Kidney deficiency: Kidney deficiency was a congenital deficiency, and included kidney Yin deficiency and kidney Yang deficiency. It was characterized by increased nocturia, long and clear urine, and disordered sleep patterns. The movement was sweaty, the waist and knees were sore, the fatigue was often, and the cognitive ability was reduced.

“Kidney, Chinese medicine believes that it is the main bone marrow, the general kidney deficiency patients show that the waist and knees are sore, feel no strength. The main bone, from the Chinese medicine point of view, is similar to osteoporosis, fractures, which are often treated from the kidney; the marrow, the brain is the sea of the marrow, and it is considered to be the nerve center, a primitive nerve, and there are similarities, so after kidney deficiency, memory has declined in all aspects. Nocturia is increased, but some people will also show more urination during the day. Chinese medicine believes that kidney function is declining or kidney is not solid.” (S20).

Spleen deficiency: Spleen deficiency is a physiological phenomenon of an acquired nature, mainly characterized by decreased appetite, malnutrition, and weight loss. Gastrointestinal peristalsis was weakened, resulting in constipation.

“The symptoms of spleen deficiency in the elderly are not good appetite, the appetite is weak, the gastrointestinal function is weakened, the digestion is not good, the eating is less, and the stool is less, there will be some cases of dry and hard stools, constipation, especially in traditional Chinese medicine clinics, many elderly people see constipation, and many diseases can be treated from the spleen.” (S21).

Lung deficiency and blood deficiency: The symptoms of lung deficiency in the elderly were unfavorable lungs, cough, expectoration, chest tightness after exercise, shortness of breath, palpitation, and decreased activity tolerance.

Blood deficiency results in loss of Yin and blood in the body. Qi was closely related to blood, and blood deficiency easily caused Qi deficiency, resulting in a lack of vitality.

“Lung deficiency, that is, lack of Qi in the heart and lungs, some chronic cough, shortness of breath after activities, often feel flustered and palpitations.” (S17).

“Blood deficiency, hemoglobin and red blood cell counts are normal after blood tests, but the elderly are pale and slightly yellow, and the blood support effect is reduced.” (S20).

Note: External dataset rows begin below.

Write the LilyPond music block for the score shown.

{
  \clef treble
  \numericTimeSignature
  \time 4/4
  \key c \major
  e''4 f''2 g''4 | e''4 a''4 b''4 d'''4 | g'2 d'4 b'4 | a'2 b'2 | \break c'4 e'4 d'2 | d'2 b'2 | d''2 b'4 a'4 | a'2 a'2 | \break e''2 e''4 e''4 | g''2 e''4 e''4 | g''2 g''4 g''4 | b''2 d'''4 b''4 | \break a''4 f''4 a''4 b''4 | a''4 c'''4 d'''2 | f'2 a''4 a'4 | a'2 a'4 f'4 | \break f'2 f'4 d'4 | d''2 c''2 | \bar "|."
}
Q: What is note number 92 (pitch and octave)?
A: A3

Poor management of health/illness: The overall health status was poor, and the ability of elderly people to resist external evils has been reduced, resulting in repeated infections and repeated hospitalizations. This overall state is often related to a variety of chronic diseases, and a variety of drugs were needed to maintain a balanced state.

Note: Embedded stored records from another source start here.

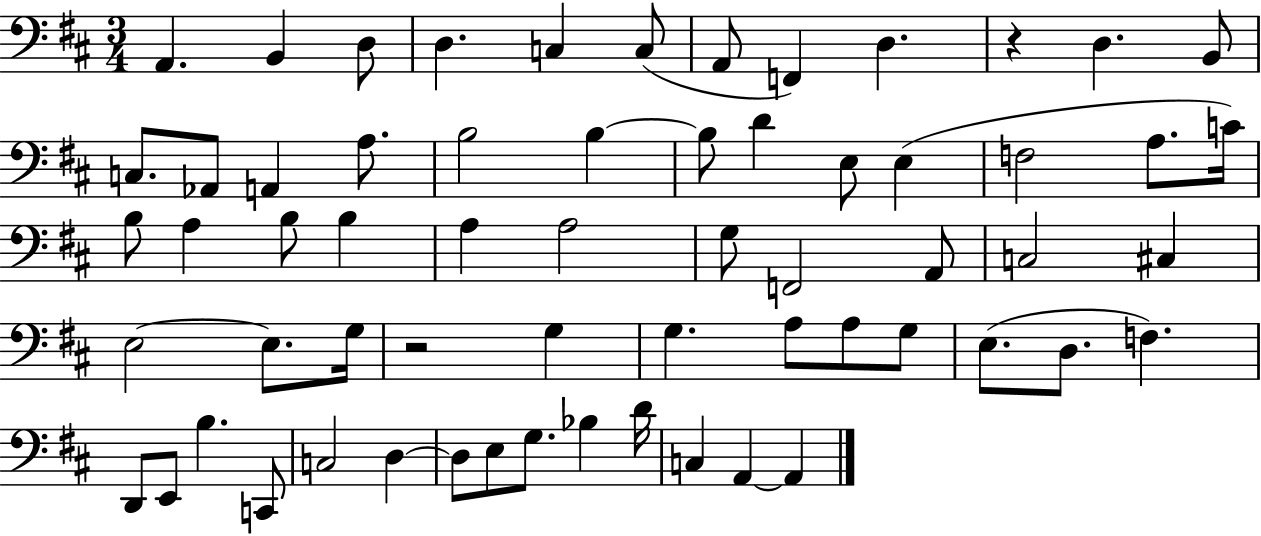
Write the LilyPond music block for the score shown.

{
  \clef bass
  \numericTimeSignature
  \time 3/4
  \key d \major
  \repeat volta 2 { a,4. b,4 d8 | d4. c4 c8( | a,8 f,4) d4. | r4 d4. b,8 | \break c8. aes,8 a,4 a8. | b2 b4~~ | b8 d'4 e8 e4( | f2 a8. c'16) | \break b8 a4 b8 b4 | a4 a2 | g8 f,2 a,8 | c2 cis4 | \break e2~~ e8. g16 | r2 g4 | g4. a8 a8 g8 | e8.( d8. f4.) | \break d,8 e,8 b4. c,8 | c2 d4~~ | d8 e8 g8. bes4 d'16 | c4 a,4~~ a,4 | \break } \bar "|."
}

“From the perspective of Chinese medicine, the debilitating performance of the elderly is mainly based on deficiency, congenital kidney deficiency, spleen and stomach deficiency, and lung Qi deficiency. The coexistence of multiple diseases is the basis, and a state of phlegm and blood stasis and dampness is combined. The patient will feel that the disease will be aggravated without taking medicine. Taking medicine may help the patient's condition and seeing the doctor and nurse have a sense of security. Of course, our doctors will also give the patients dialectical treatment according to their specific conditions.” (S18).

Decreased self-care ability: Self-care ability was declined, due to disease restrictions or degradation of abilities. The elderly had insufficient self-confidence, fear of accidents, a need for people to partially take care of them, or even relied entirely on their children or care workers.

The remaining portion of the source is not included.